Annegret Kramp-Karrenbauer, a staunchly Catholic conservative career politician, was elected leader of Germany’s Christian Democrats on Friday. As the successor of Angela Merkel, Kramp-Karrenbauer is widely tipped to become the next German chancellor, although that is not a done deal just yet.

Staying with Germany, industrial production dropped to -0.5% in October against an expectation of a 0.3% rise. It is the first monthly drop in industrial production since July, as output decline for consumer goods, energy and construction. The quarterly and annual employment change figures came in as expected, at 0.2% and 1.3% respectively, while the third estimate of the eurozone’s GDP growth rate for the third quarter of 2018 dropped to 0.2% on a quarterly basis (from 0.4% the previous quarter), and 1.6% on an annual basis (from 2.2% the previous year). This was slightly below expectations of 1.7%.

Today kicks off with the German balance of trade figures for October. Last time around, there was a surplus of €18.4 billion so it will be interesting to see what has happened since then, especially in light of the recent trade war turmoil that the eurozone has been experiencing. Tomorrow sees the ZEW economic sentiment index for December which has been extremely poor in recent months.

USD: US jobs growth slows dramatically

The highlight from the US on Friday was the non-farm payrolls for November, which showed 155,000 jobs were added. This was well below the 200,000 the markets had been expecting and, while job growth remains strong, it is possible it has peaked. It is worth bearing in mind that November is the 98th consecutive month of a growth in hiring – the longest streak since records began. Still, with the pace of hiring slowing dramatically, December’s reading will be especially fascinating to see.

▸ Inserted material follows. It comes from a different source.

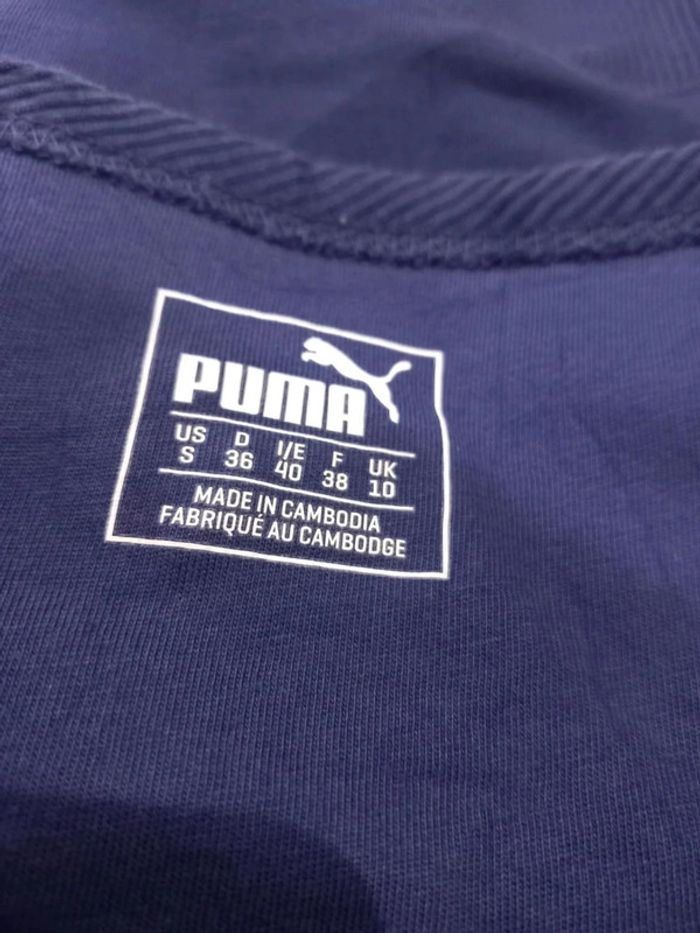 Pull/Sweat vintage Puma Bleu marine - photo numéro 7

Average earnings for the same month came in as expected by holding steady at 3.1%, while the unemployment rate remained at 3.7% – a low unseen since 1969. However, some market analysts are suggesting that the economic recovery could be running out of steam, similar to how we have seen the eurozone fare throughout 2018.

In direct contrast to the UK, it is fairly quiet start to the week for the US, with only November’s consumer inflation expectations on the schedule. Tomorrow is not much busier, but on Wednesday, we will see the inflation rate for last month. It is expected to drop to 2.2% from 2.5% the previous month.